Anna first noticed symptoms of MND in March 2021 but doctors told her it could be nerve damage from having her Covid jab too high up in her arm.

A social worker at the time, Anna was told it should get better in the next 18 months, but her symptoms progressively got worse and the loss of sensation spread across her body.

She was then urgently referred to a neurology department but was told that there was a 71-week waiting list.

While waiting for an appointment, Anna was in a work meeting when she realised she was struggling to breathe and swallow, which prompted her to go to A&E.

After a two week hospital stay and numerous tests Anna was diagnosed with MND, in May 2024.

Anna said: “They had kept me in hospital and were doing loads of tests, so we knew it was potentially not going to be good news.

“During my job I had worked with a few people with MND but they’ve all been male if they’re younger. I knew it was a possibility but with my age and being female, I just didn’t think it would be that.”

Anna was given the option to start voice banking as soon as she was diagnosed, but originally put it off after feeling “overwhelmed” by the news.

The two months later Anna started the process of recording her voice with the help of Martyn, 41, her husband and full-time carer.

Martyn said: “We didn’t realise how emotionally difficult the process would be – on the tin it seems easy.

“But the more she spoke sometimes she got fatigued and started slurring her words or didn’t sound right so we would have to stop.”

Even though Anna was working alongside a speech and language therapist her voice started to change, so even before starting recording she would get “upset”.

Martyn said: “When this happened we would put it away for a couple of days and come back to it – but that prolonged the process.”

Anna finished recording the voice bank in August 2024 and it was uploaded to her iPad for her to start using the next day.

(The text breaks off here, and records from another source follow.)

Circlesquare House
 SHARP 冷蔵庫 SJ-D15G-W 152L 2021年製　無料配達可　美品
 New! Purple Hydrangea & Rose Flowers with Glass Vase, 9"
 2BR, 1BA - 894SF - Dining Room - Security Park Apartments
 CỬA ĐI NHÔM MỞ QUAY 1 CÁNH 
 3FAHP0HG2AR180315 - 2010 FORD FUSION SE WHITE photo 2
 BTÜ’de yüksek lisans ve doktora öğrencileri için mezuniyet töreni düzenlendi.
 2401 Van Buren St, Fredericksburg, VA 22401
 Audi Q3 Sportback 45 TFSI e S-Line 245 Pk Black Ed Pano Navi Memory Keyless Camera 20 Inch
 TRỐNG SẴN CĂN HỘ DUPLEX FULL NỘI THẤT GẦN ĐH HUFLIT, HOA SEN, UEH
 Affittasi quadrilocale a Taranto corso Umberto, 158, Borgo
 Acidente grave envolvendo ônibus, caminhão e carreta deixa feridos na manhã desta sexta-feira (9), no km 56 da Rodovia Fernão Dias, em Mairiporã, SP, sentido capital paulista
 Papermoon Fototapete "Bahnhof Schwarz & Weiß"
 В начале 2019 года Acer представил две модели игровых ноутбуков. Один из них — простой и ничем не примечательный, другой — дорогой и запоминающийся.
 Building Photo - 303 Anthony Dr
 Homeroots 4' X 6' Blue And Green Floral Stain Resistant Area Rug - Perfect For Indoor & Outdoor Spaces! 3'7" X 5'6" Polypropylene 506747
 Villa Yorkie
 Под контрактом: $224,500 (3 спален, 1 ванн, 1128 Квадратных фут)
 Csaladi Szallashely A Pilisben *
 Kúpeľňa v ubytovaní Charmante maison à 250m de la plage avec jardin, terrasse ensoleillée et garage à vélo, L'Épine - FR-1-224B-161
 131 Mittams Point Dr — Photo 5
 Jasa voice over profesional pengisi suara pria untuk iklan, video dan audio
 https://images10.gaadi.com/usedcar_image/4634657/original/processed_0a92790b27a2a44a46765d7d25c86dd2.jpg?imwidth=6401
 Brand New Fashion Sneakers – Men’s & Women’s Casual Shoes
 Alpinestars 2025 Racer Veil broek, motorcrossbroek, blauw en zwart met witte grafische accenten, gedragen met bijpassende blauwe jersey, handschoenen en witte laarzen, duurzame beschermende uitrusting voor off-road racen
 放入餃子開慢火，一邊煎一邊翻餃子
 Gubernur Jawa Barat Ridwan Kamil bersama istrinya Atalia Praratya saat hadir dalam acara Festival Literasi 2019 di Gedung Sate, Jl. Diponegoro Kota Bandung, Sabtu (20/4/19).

The personal words included 100 of her personal phrases, nicknames and premade sentences like ‘can I have a coffee’ or ‘can I go to the bathroom’.

She speaks through her synthesized voice through the Acapela app using an assisted eye tracker which is connected to her iPad.

Martyn said: “All Anna has to do is just hover over the word she wants to say for 1.5 seconds and it replays. She much prefers to speak but mainly uses the system if she is having a bad day or if she is tired.”

It cost £250 for an annual subscription to the service but this was covered by the NHS Salford Care Organisation MND Association.

The UK’s largest charity for individuals living with MND, they provided £84,000 in funding for individuals to bank their voice in 2024 alone.

Anna does not know if she will lose her voice but knowing she can still talk is “comforting” to her.

She said: “I can still talk to my family and friends – have an opinion – pretty much do all the things I used to do. I can also still shout and swear at Martyn which is a bonus.”